Même le couple Byrde est emporté dans cette faillite laxiste. Certes, au terme de la première saison, grâce à un louable pardon, qui est à saluer, Marty et Wendy se retrouvent, sinon se réconcilient, après l’écart adultérin de celle-ci. Mais, la saison suivante, Marty ne voit aucune objection à ce que sa femme se prostitue pour convaincre un politique de voter une loi. Surtout, jamais les époux ne semblent être travaillés par leur conscience morale : l’unique motivation qui les a fait basculer vers le blanchiment d’argent mafieux, donc vers le grand banditisme, est vénale. Ignorant tout de la doctrine de la coopération formelle (certes, ils ne dealent ni ne fabriquent, etc., mais ils aident ces activités), ils n’éprouvent donc aucune culpabilité à favoriser une action individuellement et socialement destructrice. Voire, s’ils sont amenés à se prononcer sur le sujet, ils se défendent en affirmant contre les condamnations prétendument simplistes, comme Jonah s’en fait le porte-parole en cours : « C’est plus complexe que cela… »
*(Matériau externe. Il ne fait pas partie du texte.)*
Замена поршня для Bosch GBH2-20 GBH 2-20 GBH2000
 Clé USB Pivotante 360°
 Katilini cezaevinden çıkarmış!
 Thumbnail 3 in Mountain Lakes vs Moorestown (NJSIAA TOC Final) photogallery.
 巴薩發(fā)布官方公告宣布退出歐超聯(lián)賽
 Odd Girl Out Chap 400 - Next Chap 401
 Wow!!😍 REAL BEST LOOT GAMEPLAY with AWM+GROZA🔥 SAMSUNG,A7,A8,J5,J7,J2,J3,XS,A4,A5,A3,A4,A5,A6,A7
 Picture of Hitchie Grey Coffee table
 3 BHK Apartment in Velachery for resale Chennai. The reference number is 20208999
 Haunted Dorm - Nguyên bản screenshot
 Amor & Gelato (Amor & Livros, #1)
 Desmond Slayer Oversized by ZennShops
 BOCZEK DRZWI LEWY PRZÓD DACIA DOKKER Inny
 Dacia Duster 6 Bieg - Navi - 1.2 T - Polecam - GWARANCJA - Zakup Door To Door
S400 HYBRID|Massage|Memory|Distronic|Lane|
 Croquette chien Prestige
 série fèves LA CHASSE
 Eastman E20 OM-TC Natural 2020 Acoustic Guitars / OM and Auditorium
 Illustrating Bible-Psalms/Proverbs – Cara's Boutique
Au total, et c’est révélateur d’une dérive actuelle généralisée, au cinéma et dans la société, une seule valeur demeure debout dans ce tsunami moral généralisé : l’amour et le respect des enfants. Ils sont autant la cause que l’effet de leur idolâtrie. En effet, même s’ils ne sont pas irréprochables, Marty et Wendy sont des parents vraiment attentifs qui font tout pour défendre Charlotte et Jonah. Un seul problème, mais il est de taille : ils ont fini par les rendre complices de leurs crimes… « Je pense que vous êtes le diable », disait Mason à Marty de Marty…
Bien entendu, chaque critique ne manque pas de faire le rapprochement avec la série jumelle à grand succès, Breaking Bad (série télévisée américaine de Vince Gilligan, 5 saisons, 62 épisodes, 2008-2013, aussi sur Netflix). Mais autant l’on sent constamment le cynisme affleurer dans cette série d’humour (ou plutôt d’ironie) noir, autant Ozark flirte avec le dramatique, voire le tragique, sans une once de légèreté. La logique éthique des personnages ne donne guère à espérer d’évolution de fond, j’ai donc cessé de regarder la série à partir du milieu de la deuxième saison et me suis contenté de lire les résumés précis de chaque épisode qu’offre le site Wikipédia – tout en attendant la quatrième saison pour savoir s’il y aura tout de même une repentance finale…
Pascal Ide
Après qu’une opération de blanchiment d’argent pour un cartel mexicain de la drogue a mal tourné, le conseiller financier Martin « Marty » Byrde (Jason Bateman) propose de faire amende honorable en mettant en place une opération de blanchiment plus importante dans la région du lac des Ozarks, au centre du Missouri. Quittant Naperville, dans la banlieue de Chicago, Marty déménage avec son épouse, Wendy (Laura Linney), leur fille Charlotte (Sofia Hublitz) et leur fils Jonah (Skylar Gaertner), dans le lointain lieu de villégiature estivale d’Osage Beach. En arrivant dans le Missouri, les Byrdes qui pensent ne plus avoir affaire qu’à la mafia mexicaine, se retrouvent en plus mêlés à des criminels locaux, les familles Langmore, notamment Ruth (Julia Garner), et Snell, notamment Jacob (Peter Mullan), un producteur local d’héroïne, et sa femme Darlene (Lisa Emery), et plus tard à la mafia de Kansas City. Sans rien dire du FBI qui veut à tout prix piéger Marty, à travers le personnage tenace de l’agent Roy Petty (Jason Butler Harner).